Traverse City Record-Eagle

July 21, 2013

City could decide future of Hickory Hills Ski Area

BY BRIAN McGILLIVARY
bmcgillivary@record-eagle.com

---- — TRAVERSE CITY — A new city manager will arrive in time to help decide the fate of one of the city's largest recreational properties.

Jered Ottenwess begins his new job Monday and will attend the city commission's study session that begins at 7 p.m. in the Governmental Center. The commission will consider a request to fund half of an estimated $32,000 cost to hire a consultant to create a master plan for the Hickory Hills Ski Area.

The ski hill runs at an average annual loss of $100,000 and city commissioners have threatened to drop funding after this ski season. Mayor Michael Estes said he will push commissioners to decide Monday if they truly intend to stop funding ski operations.
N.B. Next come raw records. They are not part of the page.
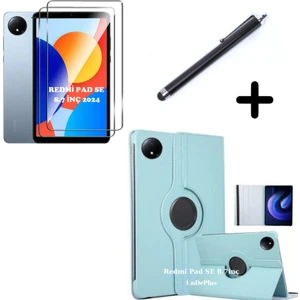 Xiaomi Redmi Pad Se 8.7inç Kılıf Dönen Tablet Kilifi Ekran Koruyucu+Kalem (Redmipad Se 11INÇ Değildir)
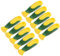 M METERXITY 10-Pack Rubber File Handle, 4.45 Inch Ergonomics Large Handles with Strong Metal Rings 0.16 Round Hole File Handles for 14 File/Screwdriver [Yellow Green]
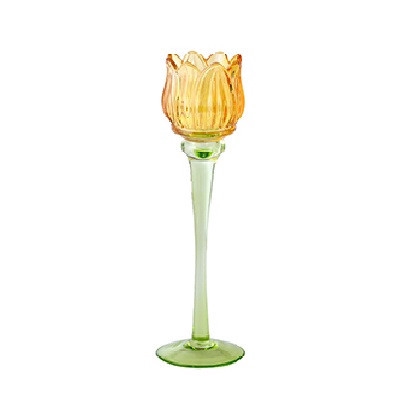 <h4>Theelichth. Tulp glas d08*26cm</h4>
"That's the issue the city commission has to address: are you serious about cutting off operational funds for the ski hill," Estes said. "If you are then a study makes a lot of sense. But if you are just going to drag it out and fund it in perpetuity, why do we need a study."

The study funding request comes from the support group Preserve Hickory Hills and the Grand Traverse Ski Club, which have worked with city and Garfield Township representatives on a solution.

Tim Werner, who works with both groups, said the ski hill needs a master recreational plan if it has any chance of obtaining foundation or state recreational grant funds.

"There is also a sense that Hickory Hills is run with a piecemeal ... fix it when it's broken approach," Werner said. "It's not received the best long-term approach for what we see as a very important recreational resource for our community."

The planning effort also would include Garfield Township with the intent to create a more cooperative, long-term effort to maintain the ski hill. The 125-acre, city-owned park is inside Garfield Township and is listed in the township's overall recreational plan.

The ski club and support group plan to chip in $4,000 each and will ask Garfield Township to contribute $8,000 to the study.

The timeline for the study extends until April 2014 and likely wouldn't allow time for the groups to come up with a funding plan for the 2014-2015 ski season, Werner said.

"We're hoping this effort will create some momentum and the political will to fund us one more year as a bridge," Werner said. "We need to find a long-term solution."

Ottenwess said he will spend part of Monday learning about the ski hill. He expects to participate in the conversation.

"But I won't have a recommendation," Ottenwess said. "There's a lot to learn before I get to a point of making any recommendation."